- Problem to solve: The listing below should be printed exactly, every line of it. Skip the pictures.
=-=-=
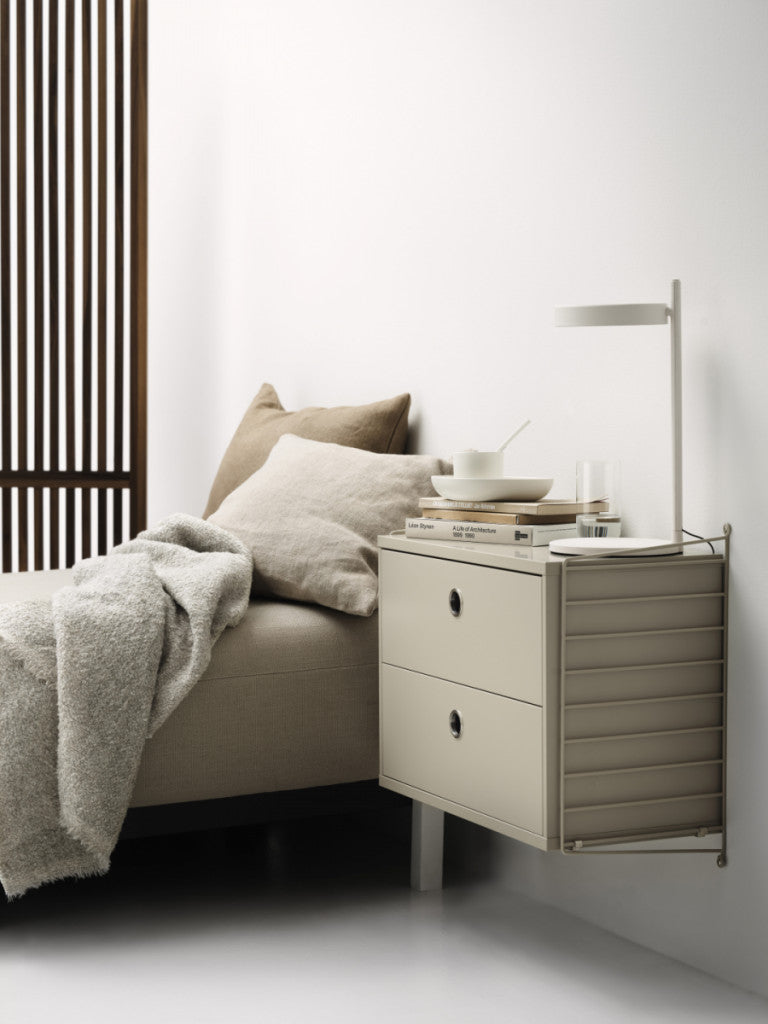 Ensemble Chambre A - String Furniture-Blanc-The Woods Gallery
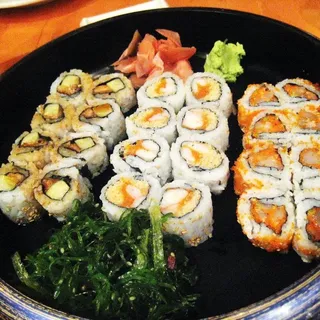 Spicy Crunchy Shrimp Roll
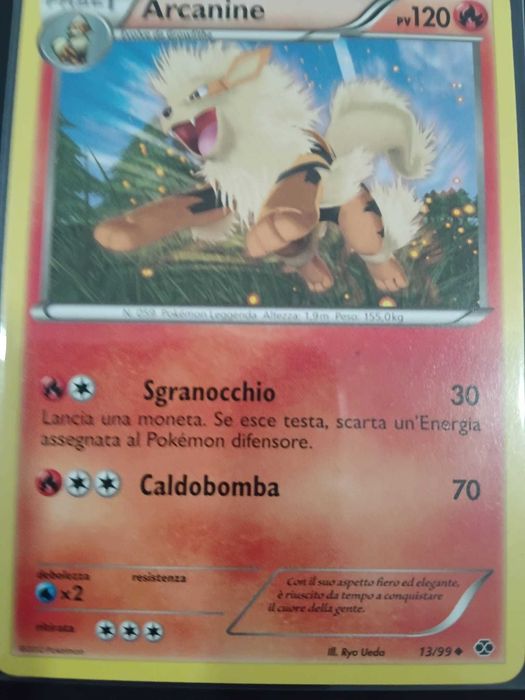 Growlithe para coleções!!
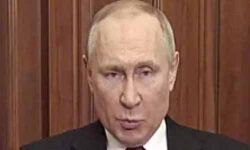 അധികാരം പിടിച്ചെടുക്കാന്‍ യുക്രെയ്ന്‍ സൈന്യത്തോട് ആഹ്വാനം ചെയ്ത് റഷ്യന്‍ പ്രസിഡന്റ്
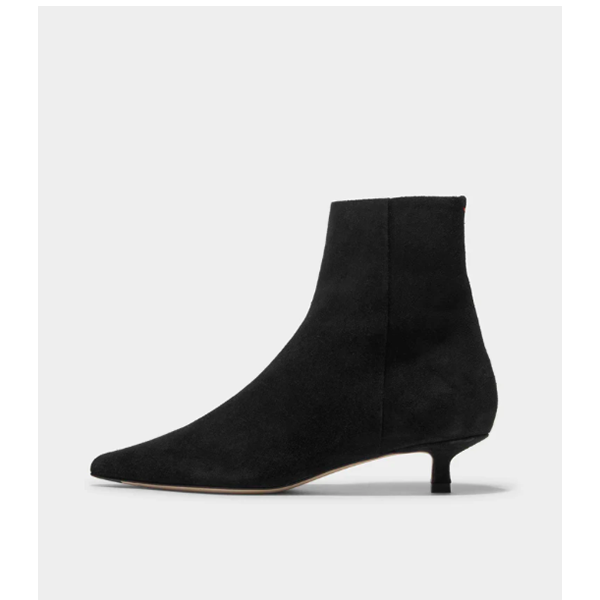 Sofie Ankle Boot Suede Black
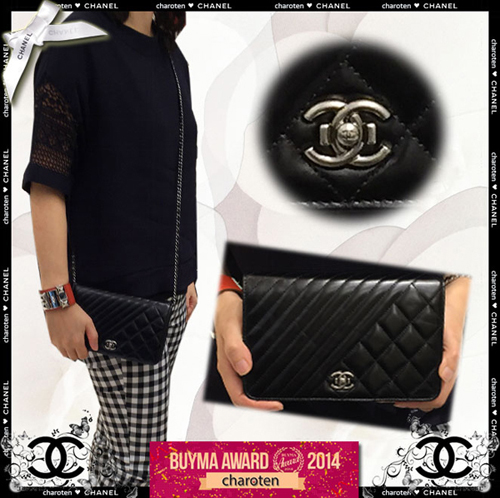 2016春夏新作 Chanel シャネルスーパーコピー 大人かっこいいココボーイのチェーンウォレットが到着 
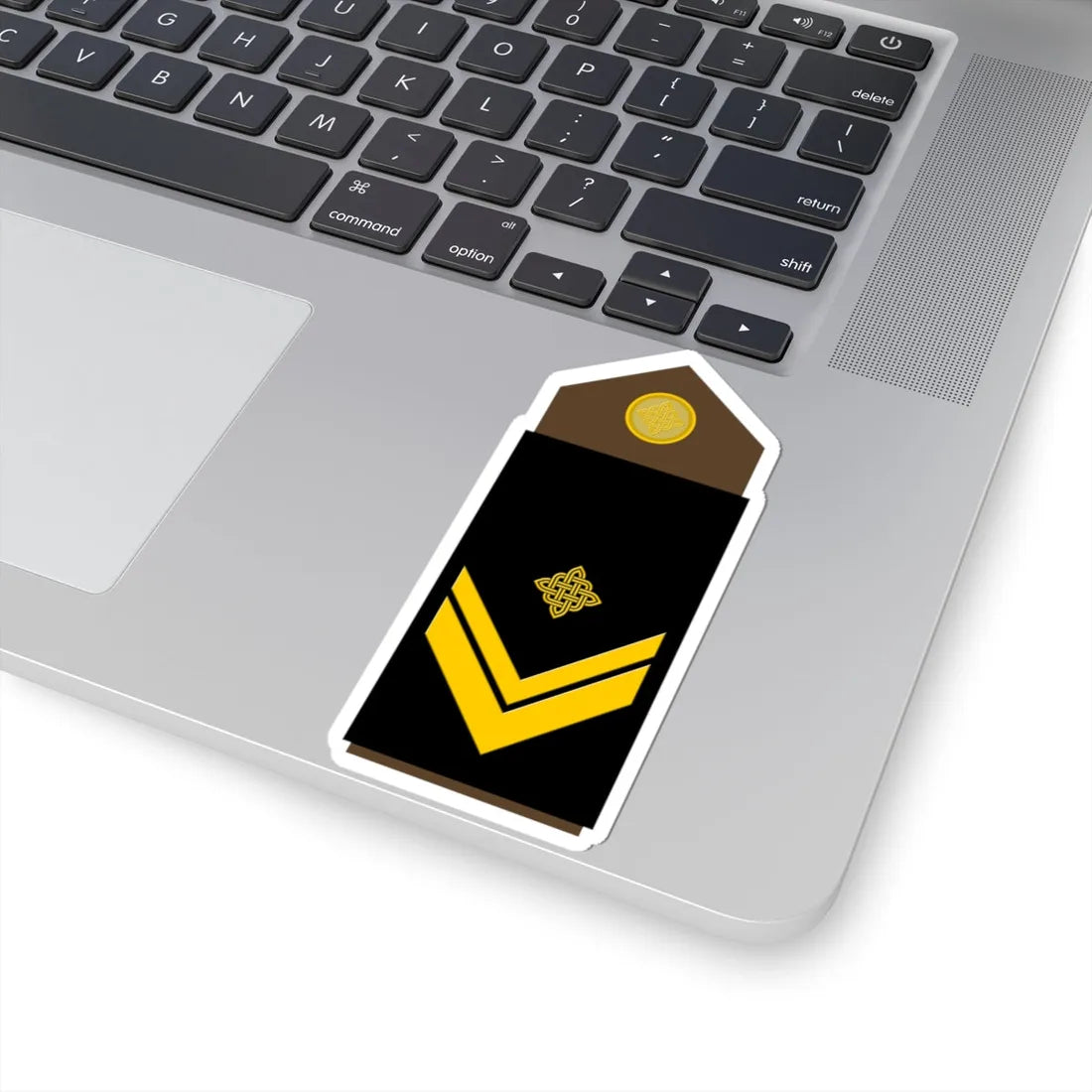 Army HRV OR 07 (Croatia) (Military Rank) STICKER Vinyl Kiss-Cut Decal - The Sticker Space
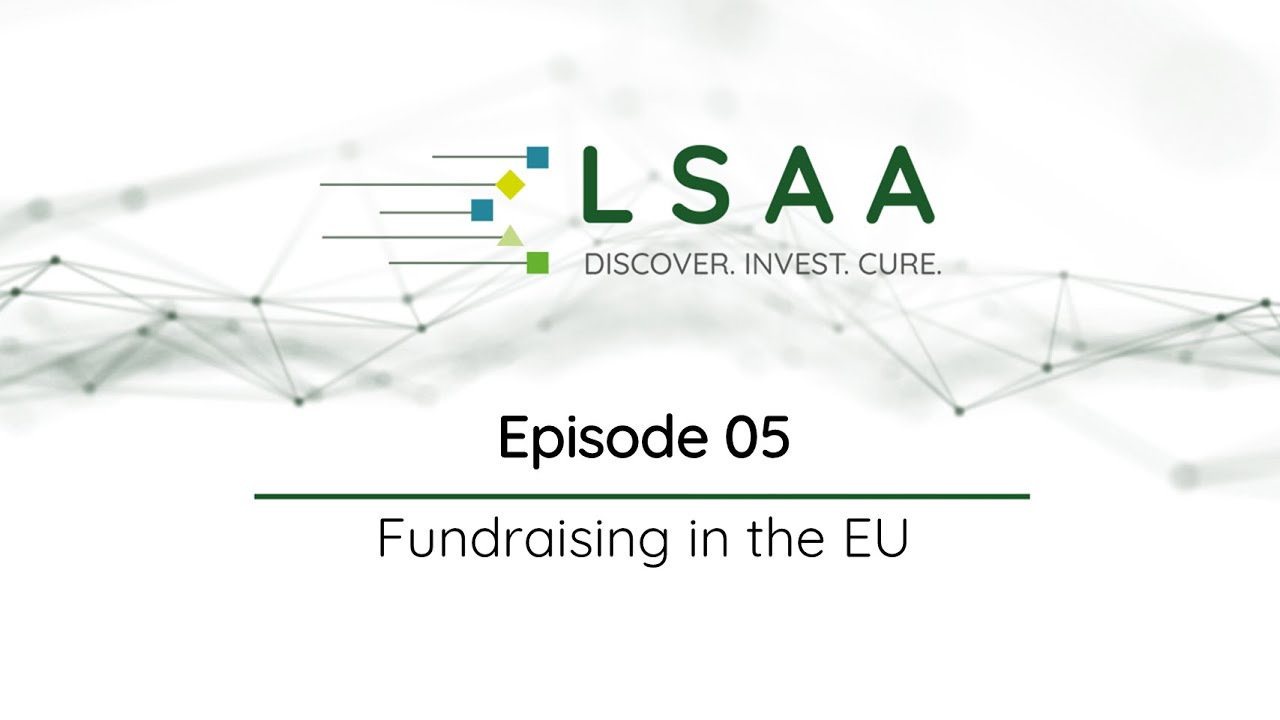 Episode 05 - Discover.Invest.Cure  - Fundraising in the EU
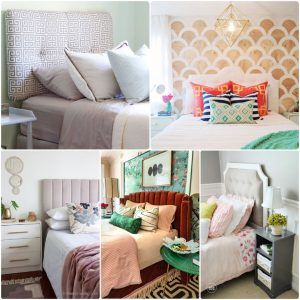diy tufted headboards to upgrade your bed design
=-=-=
- Exercise answer:
 Ensemble Chambre A - String Furniture-Blanc-The Woods Gallery
 Spicy Crunchy Shrimp Roll
 Growlithe para coleções!!
 അധികാരം പിടിച്ചെടുക്കാന്‍ യുക്രെയ്ന്‍ സൈന്യത്തോട് ആഹ്വാനം ചെയ്ത് റഷ്യന്‍ പ്രസിഡന്റ്
 Sofie Ankle Boot Suede Black
 2016春夏新作 Chanel シャネルスーパーコピー 大人かっこいいココボーイのチェーンウォレットが到着 
 Army HRV OR 07 (Croatia) (Military Rank) STICKER Vinyl Kiss-Cut Decal - The Sticker Space
 Episode 05 - Discover.Invest.Cure  - Fundraising in the EU
diy tufted headboards to upgrade your bed design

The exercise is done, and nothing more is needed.